Barnes and Noble has been without a CEO for some time now, following the resignation of William Lynch back in July of last year. Now the company has finally appointed someone to its top spot, and it might be a signal of where the company sees its future.
Michael Huseby has been appointed as the new CEO of Barnes and Noble, it was announced on Wednesday. He has been elected to serve on the Board of Directors.
Following Lynch's departure Huseby had been named CEO of Nook Media, while also being promoted to the Barnes & Noble presidency. Huseby joined Barnes & Noble in March of 2012 as Chief Financial Officer, after serving as Executive Vice President and CFO of Cablevision Systems Corporation.
The appointment of Huseby to the top position could be a signal that Barnes and Noble is ready to double down on its commitment to the digital side of the business, as well as to the Nook tablet, despite struggling sales.
In fact, struggling Nook sales are thought to be part of the reason that Lynch gave up his position last year.
At the time of his departure, Barnes and Noble reported a fourth quarter net loss of $118.6 million, compared to $56.9 million the same quarter the year before. Net losses for the 2013 fiscal year totaled $154.8 million, compared to $65.6 million the year before.
At the heart of those losses was Nook, whose revenues declined a full 34% in the fourth quarter to $108 million, and 16.8% for the whole year to $776 million.
And things have gotten no better since then. In its most recent quarterly earnings report, Barnes and Noble reported that the Nook segment of the business saw revenues of $109 million for the quarter, down over 32% year to year.

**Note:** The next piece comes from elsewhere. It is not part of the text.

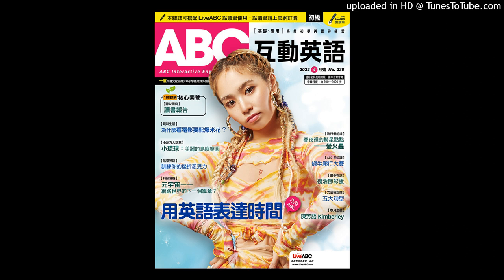Number 1. What does the girl have? A. Screens. B. Mirrors. C. Glasses.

Digital content sales were $57 million for the quarter, a decline of 21.2% compared to a year before, while device and accessories sales were $51 million for the quarter, a decrease of 41.3%.
Still, given Huseby's experience with the Nook division, as well as his years at Cablevision, it would be odd for the company to not take advantage of his expertise in digital media. Combine that with the company's plan to close down over 200 stores in the next decade or so, it will have no other choice but to make that part of the business profitable, or else it will become another Borders.

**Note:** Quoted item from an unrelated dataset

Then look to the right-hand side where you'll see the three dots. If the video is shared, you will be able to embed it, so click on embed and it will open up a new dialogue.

VatorNews reached out to Barnes and Noble to find out if Huseby's appointment is a signal of a move toward more investing in the company's digital unit, but a spokesperson declined to elaborate any further on what this means for the company's direction.

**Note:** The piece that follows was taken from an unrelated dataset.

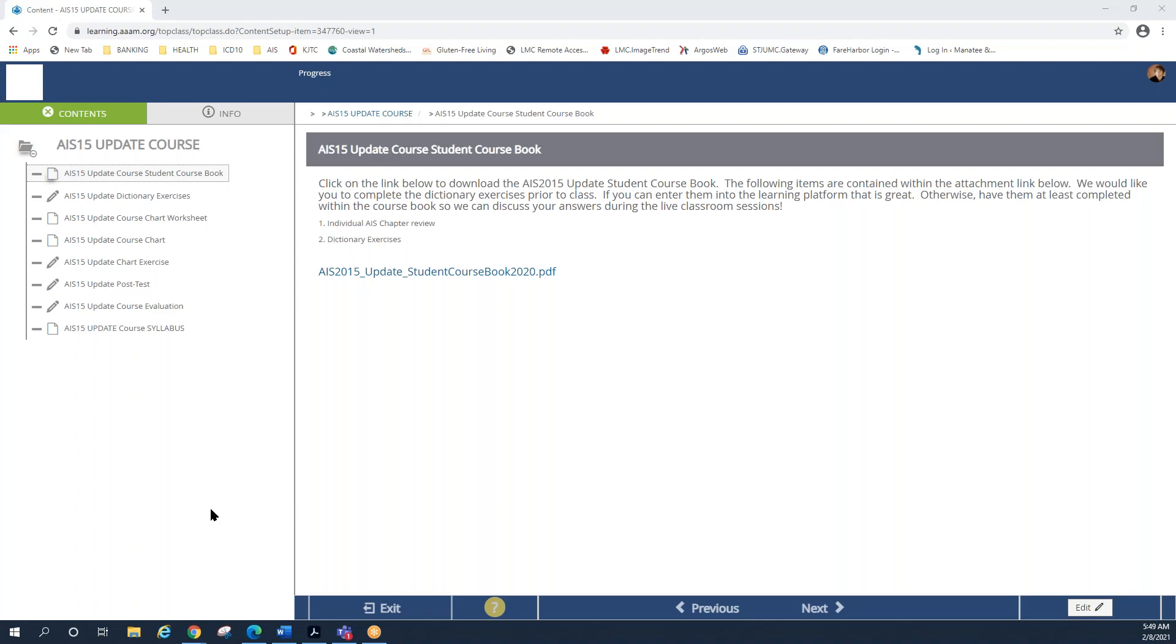This conference will now be recorded. Hi everybody, this is Kathy Cookman. I'm the AIS Business Director and International Technical Coordinator for AAAM. It's my pleasure to provide you with a brief overview about the AIS 15 update course and how this entire situation will work.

Huseby sounded a positive note following his appointment, saying that "the company is well positioned to maintain and grow its leadership position in the worlds of bookselling and the sale of digital media.:
"My role, as I see it, is to enhance and unlock the value of these businesses for our shareholders," Huseby said in a statement.
"We are well-positioned in today’s dynamic reading and learning markets and confident in our ability to provide our customers with the best content offerings, digital media and educational products available in today’s marketplace."